Zâmbia eliminou um a um os favoritos ao título. Primeiro passou como líder do grupo A com direito a uma vitória sobre Senegal por 2 a 1. Grande decepção do torneio, os senegaleses de Moussa Sow e Demba Ba foram eliminados na primeira fase. Nas quartas de final, uma tranquila vitória sobre o Sudão por 3 a 0.
Era chegada a hora da semifinal. O jogo contra Gana no estádio de Bata, na Guiné Equatorial, foi tenso. E poderia ter sido vencido pelos ganeses se não fosse o pênalti perdido pelo astro do time Asamoah Gyan. No segundo tempo, Mayuka fez o gol em praticamente o único lance de ataque que Zâmbia teve e classificou sua seleção para a final.
A decisão traria de volta as lembranças da tragédia. Pela primeira vez Zâmbia jogaria em Libreville, no Gabão. Os jogadores visitaram a praia onde a seleção de 1993 morrera e Hervé Renard usou todo o componente emocional para motivar ainda mais o seu time. Disse que estava escrito que Zâmbia seria campeã e que o time jogaria pelos mortos daquele acidente aéreo.

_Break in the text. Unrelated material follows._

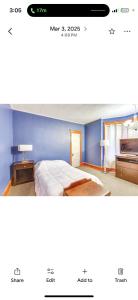 Ένα ή περισσότερα κρεβάτια σε δωμάτιο στο Historic Home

Se deu certo ou não, não sei dizer. Mas Zâmbia fez um jogo gigante contra a Costa do Marfim na decisão. A torcida estava claramente a seu favor, talvez sensibilizada pela história do país ou pela natural tendência em torcer para o mais fraco. Afinal, do outro lado havia o time de dos astros Drogba, Kalou, Kolo Touré e Yaya Touré, todos jogadores de destaque no futebol europeu.
Mais uma vez Zâmbia viu o rival ter um pênalti contra. Mais uma vez o astro da vez foi para a cobrança. A bola de Drogba foi parar longe e manteve viva a esperança do time e do país de conquistar o seu primeiro título. Mas era preciso passar pelos 90 minutos do tempo normal, por mais 30 minutos de prorrogação e um total de 16 cobranças de pênalti até que Sunzu fizesse o gol da vitória. Antes Gervinho isolara uma cobrança diante do goleiro Mweene.
Zâmbia era finalmente campeã. Finalmente e de forma emocionante se coloca na galeria dos campeões africanos depois de duas bolas na trave em 1974 e 1994. E o seu roteiro está pronto. Só falta filmar.